After a timeout, Tayshaun Prince (13 points, seven rebounds) drove inside for a scoop shot in the lane to give the Pistons a three-point lead. Then, Ginobili drove inside but Ben Wallace (three blocked shots) soared to reject Ginobili's shot. The ball bounced off Prince's shoe and went off Ginobili. Billups quickly drove to the basket, but his shot bounded off the rim to Rasheed Wallace, who sank a layup to give the Pistons a 91-86 lead. Rasheed Wallace later stepped up and stole the ball from Ginobili -- "I wish I had gotten my hand on it the other night," Wallace said -- and finally, he rebounded Ginobili's wild, off-balanced three-pointer to secure the win.
"We put ourselves in that position so we got no other alternative but show up and compete," Brown said. "I've been with these guys for two years, and they don't disappoint me in terms of their desire to win and their respect for each other. So this was -- maybe that helped us make some three-pointers."
The Pistons matched their total for three-pointers in first five games of this series with eight three-pointers in Game 6. The Pistons were 8 of 17 (47.1 percent) from beyond the three-point line, while the Spurs were 8 for 28 (28.6 percent).
The last two games of this series have provided all of the drama that had been lacking for much of the first four. Game 6 featured 23 lead changes and 11 ties. The teams weren't separated by more than three points for an 18:46 stretch of the second and third quarter.

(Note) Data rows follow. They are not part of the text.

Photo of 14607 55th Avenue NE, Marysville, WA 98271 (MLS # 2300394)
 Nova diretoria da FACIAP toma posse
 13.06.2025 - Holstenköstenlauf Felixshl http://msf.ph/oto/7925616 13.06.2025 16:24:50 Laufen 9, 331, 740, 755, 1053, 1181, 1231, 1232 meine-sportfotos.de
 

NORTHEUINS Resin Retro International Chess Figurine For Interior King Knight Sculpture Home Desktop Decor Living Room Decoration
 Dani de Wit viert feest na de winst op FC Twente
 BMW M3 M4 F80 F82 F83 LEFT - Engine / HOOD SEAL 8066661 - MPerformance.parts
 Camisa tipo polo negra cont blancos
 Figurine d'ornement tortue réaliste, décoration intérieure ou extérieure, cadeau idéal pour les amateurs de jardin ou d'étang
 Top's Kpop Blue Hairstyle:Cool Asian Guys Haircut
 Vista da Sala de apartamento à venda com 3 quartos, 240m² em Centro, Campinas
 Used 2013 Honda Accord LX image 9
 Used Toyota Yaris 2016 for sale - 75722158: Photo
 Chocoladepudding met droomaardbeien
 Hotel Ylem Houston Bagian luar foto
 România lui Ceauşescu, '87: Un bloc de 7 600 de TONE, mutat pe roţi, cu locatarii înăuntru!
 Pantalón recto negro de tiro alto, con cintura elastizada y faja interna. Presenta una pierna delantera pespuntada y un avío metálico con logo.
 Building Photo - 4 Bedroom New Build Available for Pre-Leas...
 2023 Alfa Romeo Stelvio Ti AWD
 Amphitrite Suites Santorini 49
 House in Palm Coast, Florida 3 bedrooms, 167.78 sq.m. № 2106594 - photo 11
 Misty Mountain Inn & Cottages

This had been the stepchild series that never could get its own spotlight, with periphery stories such as labor talks and Phil Jackson's return to the Los Angeles Lakers taking away from the actual games. And with four consecutive blowouts to start and declining ratings for ABC. But even after the Spurs and Pistons provided a great Game 5 -- the league announced a new labor agreement before tip-off Tuesday night. But all of that can be put to rest, because this series has outlasted all of that. Game 7 is Thursday.